現行型アルファードはハイブリッド全車が4WDの「e-Four」。FFはガソリン車のみとなっている
現行型アルファードはハイブリッド全車が4WDの「e-Four」。FFはガソリン車のみとなっている

 参考までに書いておくなら、アルファードやレクサスのe-4WD(e-Four)は、最初から大馬力モーターを後輪に採用していたものの、巡航状態になったら“ほぼ”FF(=前輪駆動)の制御。

 後輪をドライブシャフト使ったビスカスカップリングにしてきた歴代フィットのハイブリッドも、巡航時は“ほぼ”FF。フルタイム4WDの安定した走行性能を期待出来なかった。

従来の流れを払拭したハイブリッドの4WDとは?

RAV4ハイブリッドの4WD車では、旋回時に狙ったラインを的確に捉え、車両の挙動を安定させられるよう進化を遂げたE-Fourシステムを搭載
RAV4ハイブリッドの4WD車では、旋回時に狙ったラインを的確に捉え、車両の挙動を安定させられるよう進化を遂げたE-Fourシステムを搭載

 流れを変えてきた最初のe-4WDは、現行RAV4のハイブリッドです。WRCにカムバックしてからのトヨタ、走行性能への「こだわり」が圧倒的に強くなった。

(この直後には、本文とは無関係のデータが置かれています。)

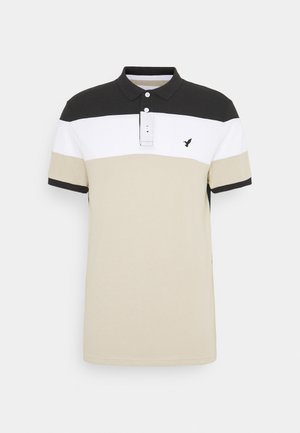 Heren polo met korte mouwen, voorzien van zwart, wit en beige horizontale strepen, een kraag en een klein logo-detail.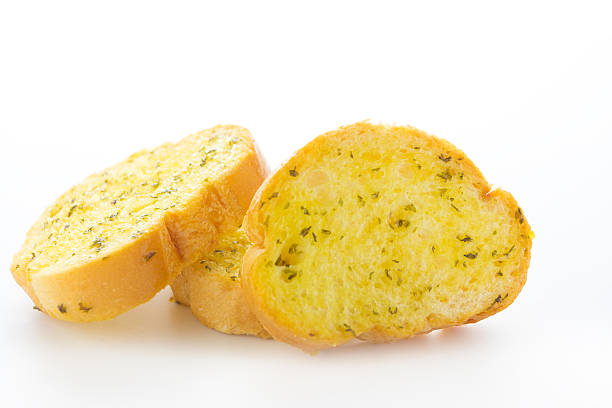 Garlic and herb bread slices Close up Garlic and herb bread slices on white background garlic bread stock pictures, royalty-free photos & images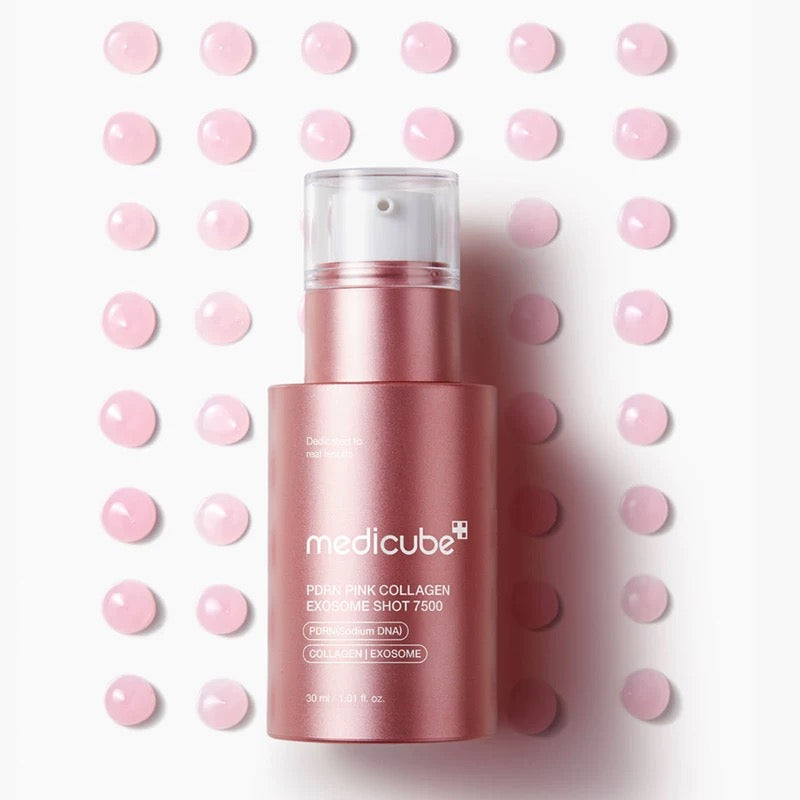 Pink skincare bottle with 'medicube' branding on a white background with pink dots.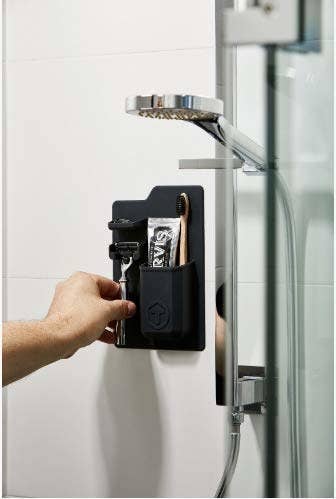 A hand reaching to place a razor in the black toiletry organizer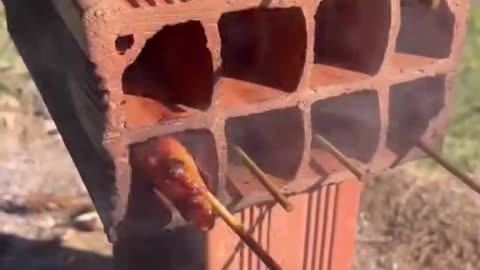 Cooking sausages on a fire in a brick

 エンジン車のRAV4、後輪に常時駆動力を伝えるようにしただけでなく、トルクベクタリング(左右の駆動トルク配分を変えて曲がるような味を出す)まで採用してきた。

 エンジン車の楽しい4WDを持っているのにハイブリッドだけ「簡易4WD」のままだとバランスが取れない、とRAV4のチーフエンジアや開発チームは考えた。

 そこで54馬力の後輪モーターを積極的に使うようにしたところ、素晴らしいe-4WDになりましたね! 電気なら後輪への駆動力配分は自由自在。後輪から先に駆動力を掛けることも可能。

 やってみたら面白くて曲がるし、安定感も確保できる4WDになったそうな。RAV4ハイブリッドのe-4WD、最高速に近い速度域まで後輪を駆動している。

 もちろん、エンジンブレーキに相当する回生ブレーキを4つのタイヤに掛けています。ハイブリッドではないものの、同じような制御をアウトランダーPHEVのマイナーチェンジから採用してきた。

新型ノートe-POWER 4WDは、リーフで培ってきた電動車の制御技術を活用し、馬力を4.6馬力から68馬力までに上げた
新型ノートe-POWER 4WDは、リーフで培ってきた電動車の制御技術を活用し、馬力を4.6馬力から68馬力までに上げた

 そして、最新のe-4WDが新型ノートe-POWER。前述のとおり、先代モデルの後輪駆動用モーターの出力ときたら4.6馬力しかなかった。なのに新型のスペック見て仰天! 68馬力となっている。

 これだけ大きな出力を持つモーターを搭載すれば、スポーツ4WDみたいな制御だって可能。果たして日産がどんなe-4WDの走りを見せてくれるか大いに楽しみです!

 また、電気自動車の時代になった時の4WDも期待できそう。直近だと新型アリア(編注:日本での発売は2021年中頃を予定)の4WDが凄いらしい!